During NEOs the US ambassador, not the combatant commander (CCDR) or subordinate joint force commander (JFC), is the senior United States Government (USG) authority for the evacuation and, as such, is ultimately responsible for the successful completion of the NEO and the safety of the evacuees. The decision to evacuate a US embassy and the order to execute a NEO is political.

And —  we don’t even have an ambassador in Baghdad. On June 11, Ambassador Robert S. Beecroft,  still listed as our U.S.ambassador to Iraq went before the Senate Foreign Relations Committee (SFRC) for his confirmation hearing as our next ambassador to Egypt.  The nominee for Embassy Baghdad, Ambassador Stuart E. Jones (previously of US Embassy Jordan) also went before the committee on the same day. Read his testimony here (pdf).

The Beecroft and Jones nominations as far as we could tell have yet to make it out of the SFRC.  The State Department’s Key Officers list published this month includes John P. Desrocher as DCM for Embassy Baghdad.  Mr.

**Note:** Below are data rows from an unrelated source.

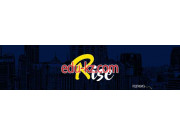 Магазин телефонов и телефонных аксессуаров Rise Shop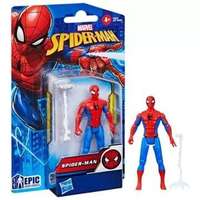 Hasbro Pókember: Akciófigura, 10 cm - többféle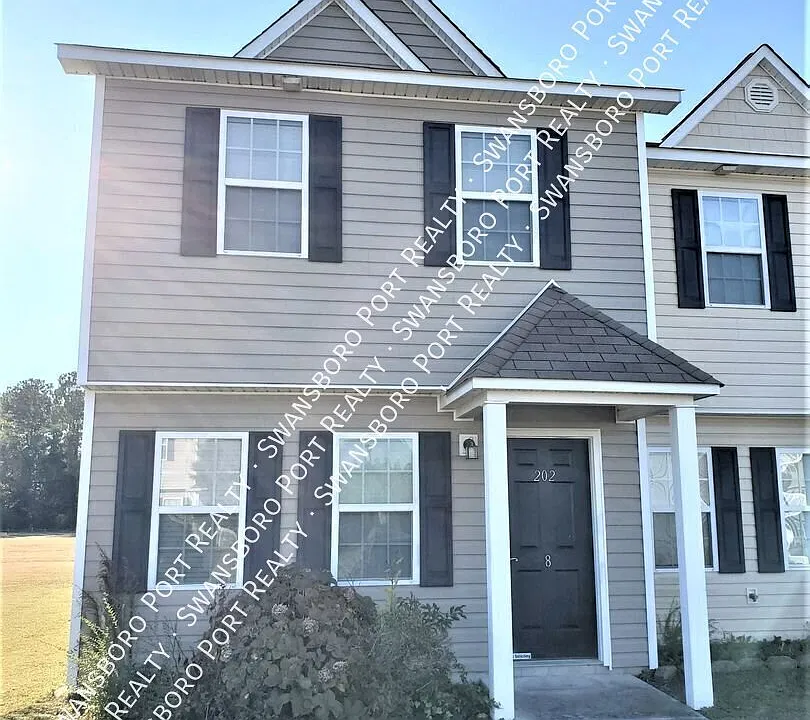 202 Lanieve Ct #8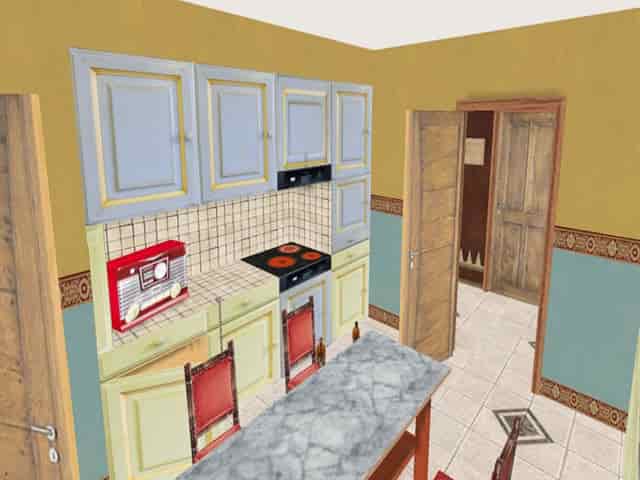 cs_rats_flat_csz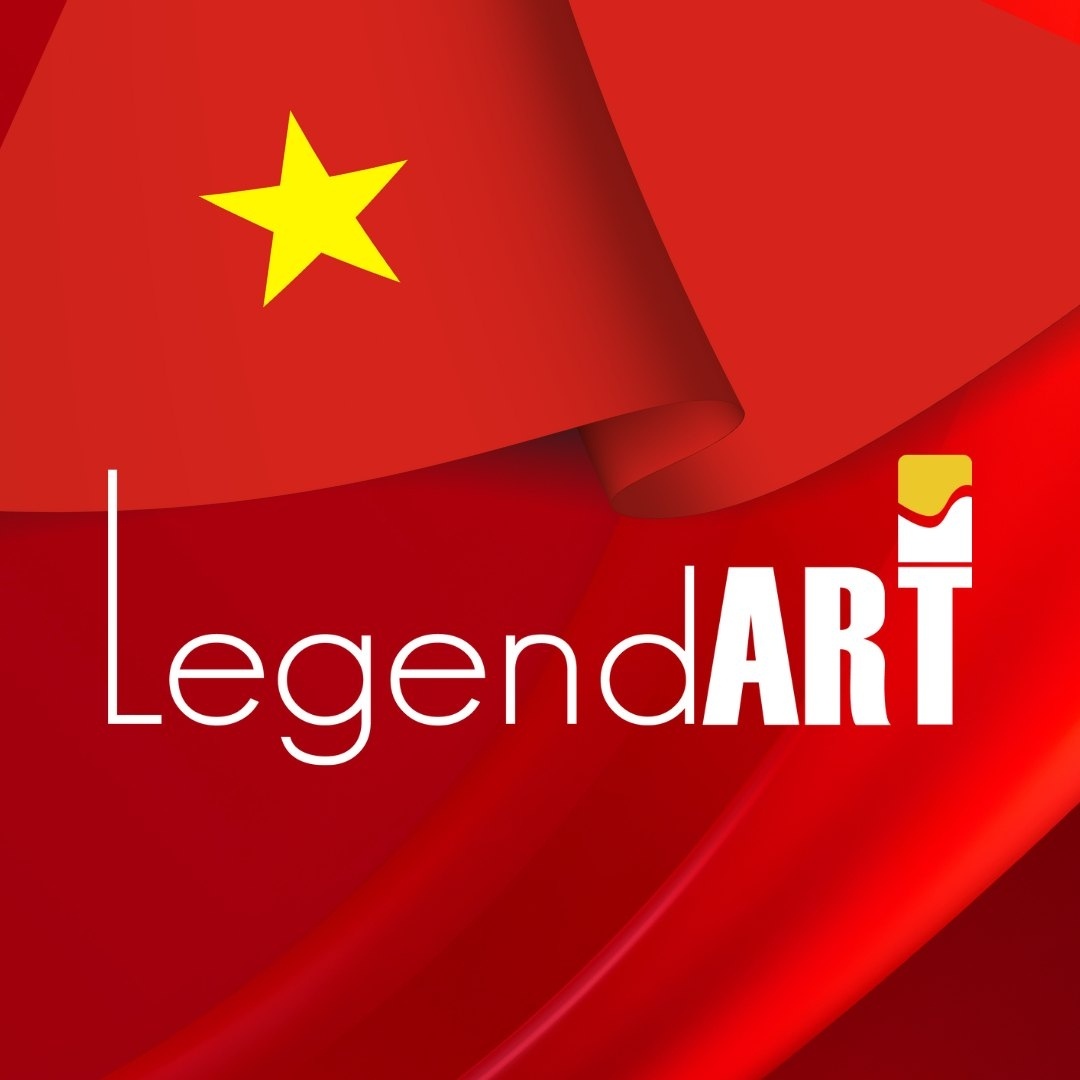 Trung tâm Legend Art Richstar - Tân Phú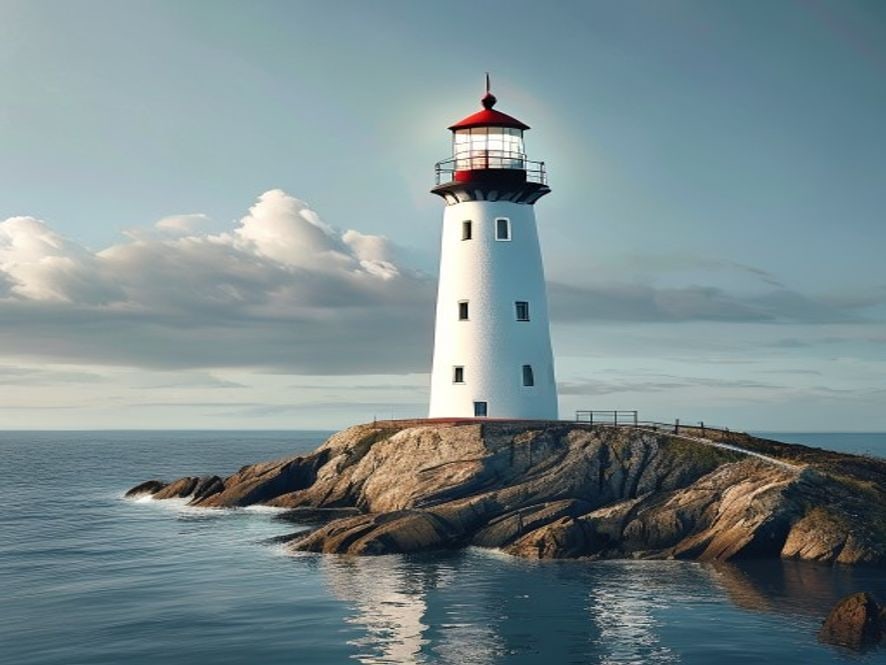 Lighthouse Accessibility Audit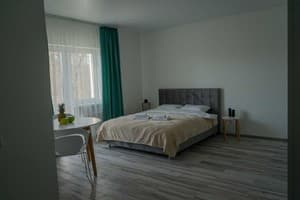Trend House Apartments 11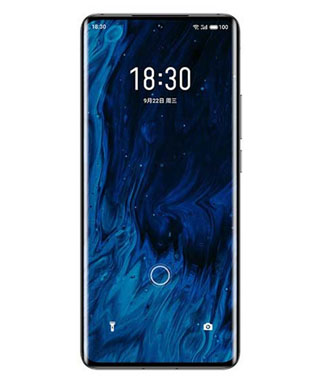 Nokia G70 Price in taiwan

Desrocher previously served as the U.S. Consul General in Auckland, New Zealand.  In 2010, he was the Director of the Office of Iraq Affairs at the State Department.

The Deputy Assistant Secretary for Iraq and Iran Brett McGurk tweeted on June 13: “In , have been meeting intensively with leaders across the political spectrum and conferring with our national security team in DC.”

Embassy Baghdad has not listed a chargé d’affaires on its website; we don’t know who is in charge of the mission. Post has not responded to our inquiry as of this writing.